Fast forward to May 2020, the Chinese forces started putting up tents, digging trenches and moving heavy equipment several kilometres inside what is regarded by India as its territory. Soldiers from both sides have clashed on at least on two previous occasions in Ladakh before Monday’s violent incident. Those scuffles were reported from Hot Springs and Pangong lake.
The lake, 135km long, a popular tourist destination in Ladakh is divided between India and China. In as many as 8 places, mountain peaks jut into the lake. These are officially referred to as ‘fingers’. While India lays claim till Finger 8, many reports suggest that Chinese soldiers may have made incursions well into Finger 4.
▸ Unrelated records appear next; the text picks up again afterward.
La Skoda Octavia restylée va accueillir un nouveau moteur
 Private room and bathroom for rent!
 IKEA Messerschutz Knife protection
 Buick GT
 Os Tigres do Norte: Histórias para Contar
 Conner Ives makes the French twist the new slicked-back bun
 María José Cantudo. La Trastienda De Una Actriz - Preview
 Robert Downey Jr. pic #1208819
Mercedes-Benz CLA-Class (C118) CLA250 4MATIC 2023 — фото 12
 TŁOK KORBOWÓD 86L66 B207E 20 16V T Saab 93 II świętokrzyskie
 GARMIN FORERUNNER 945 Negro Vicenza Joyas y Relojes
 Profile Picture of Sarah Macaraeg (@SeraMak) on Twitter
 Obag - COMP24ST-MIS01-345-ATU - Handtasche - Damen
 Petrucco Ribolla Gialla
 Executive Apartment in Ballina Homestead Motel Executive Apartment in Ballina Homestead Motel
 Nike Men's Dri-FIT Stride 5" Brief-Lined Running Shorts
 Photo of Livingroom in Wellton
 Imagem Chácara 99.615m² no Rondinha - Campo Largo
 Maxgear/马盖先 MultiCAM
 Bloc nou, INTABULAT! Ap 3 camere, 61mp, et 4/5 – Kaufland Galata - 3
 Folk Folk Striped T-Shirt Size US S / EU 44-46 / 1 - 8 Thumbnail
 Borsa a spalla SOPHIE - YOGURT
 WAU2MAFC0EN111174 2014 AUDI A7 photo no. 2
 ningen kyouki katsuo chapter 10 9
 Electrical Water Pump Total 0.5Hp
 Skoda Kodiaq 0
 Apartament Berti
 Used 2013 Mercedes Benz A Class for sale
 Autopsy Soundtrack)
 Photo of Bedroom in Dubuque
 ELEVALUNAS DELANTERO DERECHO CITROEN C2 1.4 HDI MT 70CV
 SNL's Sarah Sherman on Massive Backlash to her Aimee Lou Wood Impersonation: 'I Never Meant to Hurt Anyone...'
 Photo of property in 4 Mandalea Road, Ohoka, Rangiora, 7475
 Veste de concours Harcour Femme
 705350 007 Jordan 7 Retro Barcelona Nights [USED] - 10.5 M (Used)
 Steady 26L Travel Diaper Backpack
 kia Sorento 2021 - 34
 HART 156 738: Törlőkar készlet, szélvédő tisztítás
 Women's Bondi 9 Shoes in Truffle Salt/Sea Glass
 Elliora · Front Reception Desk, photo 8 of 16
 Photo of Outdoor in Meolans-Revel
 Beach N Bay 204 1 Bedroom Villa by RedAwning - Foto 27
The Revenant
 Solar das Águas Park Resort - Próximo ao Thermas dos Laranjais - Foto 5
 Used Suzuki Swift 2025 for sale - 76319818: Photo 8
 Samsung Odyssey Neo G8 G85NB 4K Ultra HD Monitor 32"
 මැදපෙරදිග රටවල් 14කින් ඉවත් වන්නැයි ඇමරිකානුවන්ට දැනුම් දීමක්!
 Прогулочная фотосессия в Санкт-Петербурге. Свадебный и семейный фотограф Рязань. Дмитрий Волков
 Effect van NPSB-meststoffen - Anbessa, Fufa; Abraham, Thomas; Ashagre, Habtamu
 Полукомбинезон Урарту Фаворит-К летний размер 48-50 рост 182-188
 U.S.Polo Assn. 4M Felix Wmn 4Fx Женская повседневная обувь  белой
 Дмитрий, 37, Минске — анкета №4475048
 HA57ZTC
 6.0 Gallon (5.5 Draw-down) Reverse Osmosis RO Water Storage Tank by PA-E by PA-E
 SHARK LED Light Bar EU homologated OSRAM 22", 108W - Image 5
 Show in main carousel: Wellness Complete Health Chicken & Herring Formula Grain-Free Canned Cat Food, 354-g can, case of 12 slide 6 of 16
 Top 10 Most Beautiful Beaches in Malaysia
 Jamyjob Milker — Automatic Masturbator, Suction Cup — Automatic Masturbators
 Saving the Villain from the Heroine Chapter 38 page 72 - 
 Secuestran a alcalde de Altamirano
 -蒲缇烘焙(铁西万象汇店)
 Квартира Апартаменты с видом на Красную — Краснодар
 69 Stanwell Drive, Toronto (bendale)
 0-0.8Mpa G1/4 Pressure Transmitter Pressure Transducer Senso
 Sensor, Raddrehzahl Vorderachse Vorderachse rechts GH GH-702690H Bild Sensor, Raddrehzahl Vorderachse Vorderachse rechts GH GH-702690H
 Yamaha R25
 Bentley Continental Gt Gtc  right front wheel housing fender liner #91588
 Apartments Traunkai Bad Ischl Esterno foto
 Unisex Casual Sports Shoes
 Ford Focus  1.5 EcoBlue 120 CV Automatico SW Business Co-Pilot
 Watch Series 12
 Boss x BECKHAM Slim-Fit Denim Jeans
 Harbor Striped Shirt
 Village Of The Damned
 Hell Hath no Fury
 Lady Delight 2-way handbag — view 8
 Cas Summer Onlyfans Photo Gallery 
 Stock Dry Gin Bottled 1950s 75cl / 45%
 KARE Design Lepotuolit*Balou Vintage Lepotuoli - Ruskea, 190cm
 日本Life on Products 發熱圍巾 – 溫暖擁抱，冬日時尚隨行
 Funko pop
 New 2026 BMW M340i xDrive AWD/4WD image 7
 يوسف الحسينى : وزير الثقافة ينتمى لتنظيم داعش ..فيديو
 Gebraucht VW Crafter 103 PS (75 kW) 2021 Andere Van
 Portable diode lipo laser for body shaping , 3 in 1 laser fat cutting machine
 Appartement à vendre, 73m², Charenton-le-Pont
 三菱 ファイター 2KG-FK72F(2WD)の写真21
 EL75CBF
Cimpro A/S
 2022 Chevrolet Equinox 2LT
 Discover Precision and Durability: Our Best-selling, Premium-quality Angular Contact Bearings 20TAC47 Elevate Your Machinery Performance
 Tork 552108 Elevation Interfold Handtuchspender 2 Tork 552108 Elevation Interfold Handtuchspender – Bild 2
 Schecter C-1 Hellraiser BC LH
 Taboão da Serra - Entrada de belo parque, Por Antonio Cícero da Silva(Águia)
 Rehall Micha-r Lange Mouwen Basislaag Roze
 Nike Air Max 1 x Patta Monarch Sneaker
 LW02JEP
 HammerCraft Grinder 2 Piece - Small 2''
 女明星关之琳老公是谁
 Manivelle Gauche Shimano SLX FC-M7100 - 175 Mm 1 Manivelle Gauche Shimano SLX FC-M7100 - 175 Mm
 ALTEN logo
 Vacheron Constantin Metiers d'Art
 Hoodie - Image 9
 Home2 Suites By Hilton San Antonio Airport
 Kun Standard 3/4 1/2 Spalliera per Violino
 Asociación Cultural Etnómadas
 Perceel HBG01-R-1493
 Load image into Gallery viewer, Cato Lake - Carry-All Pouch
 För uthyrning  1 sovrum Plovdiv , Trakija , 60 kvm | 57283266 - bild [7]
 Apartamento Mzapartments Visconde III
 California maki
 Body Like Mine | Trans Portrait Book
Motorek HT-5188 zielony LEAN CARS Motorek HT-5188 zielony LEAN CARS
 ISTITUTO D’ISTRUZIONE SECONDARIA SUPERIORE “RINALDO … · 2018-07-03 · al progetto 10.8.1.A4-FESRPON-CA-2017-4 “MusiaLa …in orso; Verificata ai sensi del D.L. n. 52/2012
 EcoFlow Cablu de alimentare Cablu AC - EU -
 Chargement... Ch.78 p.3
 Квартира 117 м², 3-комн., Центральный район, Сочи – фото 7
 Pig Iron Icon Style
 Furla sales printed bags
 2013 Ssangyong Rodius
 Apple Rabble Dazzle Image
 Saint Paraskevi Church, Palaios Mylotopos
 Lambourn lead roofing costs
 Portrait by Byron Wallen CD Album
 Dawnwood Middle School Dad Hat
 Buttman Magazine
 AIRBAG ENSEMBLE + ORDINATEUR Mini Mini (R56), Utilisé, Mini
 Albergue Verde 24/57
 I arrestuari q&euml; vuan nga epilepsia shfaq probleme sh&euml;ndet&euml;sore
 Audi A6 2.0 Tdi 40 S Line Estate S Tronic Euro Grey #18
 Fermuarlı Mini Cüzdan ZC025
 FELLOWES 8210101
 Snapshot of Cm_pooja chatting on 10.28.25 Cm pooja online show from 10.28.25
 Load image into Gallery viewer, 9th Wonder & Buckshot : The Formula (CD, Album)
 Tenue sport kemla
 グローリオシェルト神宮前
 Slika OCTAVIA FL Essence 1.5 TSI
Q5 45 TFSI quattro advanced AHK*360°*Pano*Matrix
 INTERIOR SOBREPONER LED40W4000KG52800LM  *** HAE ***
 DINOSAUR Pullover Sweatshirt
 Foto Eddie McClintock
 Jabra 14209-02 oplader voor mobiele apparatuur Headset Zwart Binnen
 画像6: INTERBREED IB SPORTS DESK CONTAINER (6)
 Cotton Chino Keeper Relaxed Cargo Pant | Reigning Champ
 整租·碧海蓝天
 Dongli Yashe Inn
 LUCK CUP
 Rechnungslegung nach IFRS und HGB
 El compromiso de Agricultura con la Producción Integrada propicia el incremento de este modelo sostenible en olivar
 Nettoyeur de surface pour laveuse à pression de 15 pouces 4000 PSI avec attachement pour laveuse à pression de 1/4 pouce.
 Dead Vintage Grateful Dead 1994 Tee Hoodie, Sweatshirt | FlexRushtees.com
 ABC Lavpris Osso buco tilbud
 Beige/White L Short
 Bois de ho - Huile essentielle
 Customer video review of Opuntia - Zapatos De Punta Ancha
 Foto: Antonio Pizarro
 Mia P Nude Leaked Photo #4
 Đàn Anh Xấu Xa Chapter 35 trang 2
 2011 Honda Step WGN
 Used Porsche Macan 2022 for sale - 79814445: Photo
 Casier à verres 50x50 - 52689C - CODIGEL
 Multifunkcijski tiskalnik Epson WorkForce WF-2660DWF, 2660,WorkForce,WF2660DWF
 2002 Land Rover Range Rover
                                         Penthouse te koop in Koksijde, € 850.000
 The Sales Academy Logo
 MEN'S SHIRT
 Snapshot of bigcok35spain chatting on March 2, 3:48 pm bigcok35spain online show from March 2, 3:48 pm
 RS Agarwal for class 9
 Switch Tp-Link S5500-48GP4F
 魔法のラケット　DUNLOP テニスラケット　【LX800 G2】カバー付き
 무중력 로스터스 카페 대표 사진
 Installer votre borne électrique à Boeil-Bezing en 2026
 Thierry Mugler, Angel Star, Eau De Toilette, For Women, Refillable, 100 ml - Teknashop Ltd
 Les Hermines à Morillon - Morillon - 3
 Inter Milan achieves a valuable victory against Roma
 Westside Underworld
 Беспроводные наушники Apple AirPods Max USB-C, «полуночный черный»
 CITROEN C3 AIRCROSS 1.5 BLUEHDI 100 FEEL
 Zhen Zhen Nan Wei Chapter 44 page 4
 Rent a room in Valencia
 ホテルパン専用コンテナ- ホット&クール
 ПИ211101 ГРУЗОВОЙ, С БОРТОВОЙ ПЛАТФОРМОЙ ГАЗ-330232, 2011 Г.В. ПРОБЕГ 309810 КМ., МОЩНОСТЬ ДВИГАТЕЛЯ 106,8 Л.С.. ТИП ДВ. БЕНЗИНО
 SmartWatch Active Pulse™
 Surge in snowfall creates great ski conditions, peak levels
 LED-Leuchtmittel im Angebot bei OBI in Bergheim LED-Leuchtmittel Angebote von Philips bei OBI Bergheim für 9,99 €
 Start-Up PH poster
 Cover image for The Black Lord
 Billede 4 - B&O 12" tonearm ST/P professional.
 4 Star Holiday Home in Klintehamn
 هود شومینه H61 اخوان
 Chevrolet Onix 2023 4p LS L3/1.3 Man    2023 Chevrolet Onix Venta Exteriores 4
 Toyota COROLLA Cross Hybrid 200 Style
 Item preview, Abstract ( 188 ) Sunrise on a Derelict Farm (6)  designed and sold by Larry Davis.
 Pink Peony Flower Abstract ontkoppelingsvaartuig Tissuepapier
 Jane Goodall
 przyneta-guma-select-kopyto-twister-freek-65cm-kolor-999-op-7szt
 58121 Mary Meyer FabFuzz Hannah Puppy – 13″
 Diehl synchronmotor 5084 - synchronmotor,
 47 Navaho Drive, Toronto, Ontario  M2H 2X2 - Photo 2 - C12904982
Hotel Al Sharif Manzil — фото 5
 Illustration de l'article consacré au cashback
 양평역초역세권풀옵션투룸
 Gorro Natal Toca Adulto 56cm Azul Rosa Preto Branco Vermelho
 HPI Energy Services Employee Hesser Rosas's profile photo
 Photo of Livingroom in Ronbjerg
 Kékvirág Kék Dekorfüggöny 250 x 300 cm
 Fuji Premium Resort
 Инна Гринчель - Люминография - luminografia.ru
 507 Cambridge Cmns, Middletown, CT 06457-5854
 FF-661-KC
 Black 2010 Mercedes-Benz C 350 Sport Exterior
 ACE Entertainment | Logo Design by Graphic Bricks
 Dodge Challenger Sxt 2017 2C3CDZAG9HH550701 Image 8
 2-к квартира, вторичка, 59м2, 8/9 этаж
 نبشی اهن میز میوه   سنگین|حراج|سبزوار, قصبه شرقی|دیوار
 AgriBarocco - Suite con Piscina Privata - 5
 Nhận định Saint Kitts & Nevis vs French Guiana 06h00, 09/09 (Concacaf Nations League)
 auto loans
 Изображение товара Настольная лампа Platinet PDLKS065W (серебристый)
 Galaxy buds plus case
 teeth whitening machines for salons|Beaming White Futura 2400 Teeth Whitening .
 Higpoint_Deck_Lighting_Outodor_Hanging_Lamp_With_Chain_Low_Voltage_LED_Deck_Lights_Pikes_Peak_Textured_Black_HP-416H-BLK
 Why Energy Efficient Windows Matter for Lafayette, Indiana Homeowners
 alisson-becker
With tempers fraying on both sides, a circumspect US on Wednesday called for ‘peaceful resolution’ of India-China showdown. While New Delhi is looking at understated support from the West, Beijing would be cautiously watching the developments for any hedges against China.
As the world battles the coronavirus pandemic, the deep territorial discord between India and China could not have worsened at a more fraught moment.